Rien n’est fait pour punir le responsable 

 

Tout le monde à l’école a pensé à la menace du directeur de discipline contre Sarah. Mais, personne n’a eu le courage de dire la vérité à sa famille. Je suis allé à l’école deux jours après, et tout ce que j’ai dit ne pouvait pas ramener mon amie à la vie. Et mon intervention n’avait plus d’impact. Le directeur de discipline ne se souciait même pas de ce qu’il avait fait. Et moi, je me sentais coupable de n’avoir rien fait. D’autre part, ma scolarité était en danger. Si je dévoile la vérité, je risque d’être renvoyé de l’école.

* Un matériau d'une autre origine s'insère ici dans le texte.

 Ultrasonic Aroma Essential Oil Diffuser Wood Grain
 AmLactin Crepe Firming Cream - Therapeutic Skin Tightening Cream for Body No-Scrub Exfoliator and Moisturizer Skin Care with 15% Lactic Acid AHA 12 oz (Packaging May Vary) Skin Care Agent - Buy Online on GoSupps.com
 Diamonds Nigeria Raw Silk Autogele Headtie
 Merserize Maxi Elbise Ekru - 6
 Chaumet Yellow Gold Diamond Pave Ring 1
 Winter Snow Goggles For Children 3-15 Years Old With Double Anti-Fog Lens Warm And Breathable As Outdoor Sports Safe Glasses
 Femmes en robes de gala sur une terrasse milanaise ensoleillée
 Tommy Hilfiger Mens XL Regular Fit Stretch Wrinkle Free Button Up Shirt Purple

Pour moi, punir les apprenants, n’est pas mauvais. C’est un mécanisme mis en place pour redresser les élèves et contribuer à leur éducation. Mais parfois, il faudrait s’assurer que la punition choisie ne puisse pas causer des dommages sur l’enfant.

Je pense aussi que l’état, à travers son ministère de l’EPST doit y veiller et mettre en place des solutions pour en finir avec les punitions qui rendent les enfants malades et promouvoir la scolarité des enfants.

Normalement, le monsieur devait être en prison, parce que non seulement il a mis fin au parcours scolaire de cette fille, il lui a aussi ôté la vie. Mais ça, personne ne s’en soucie.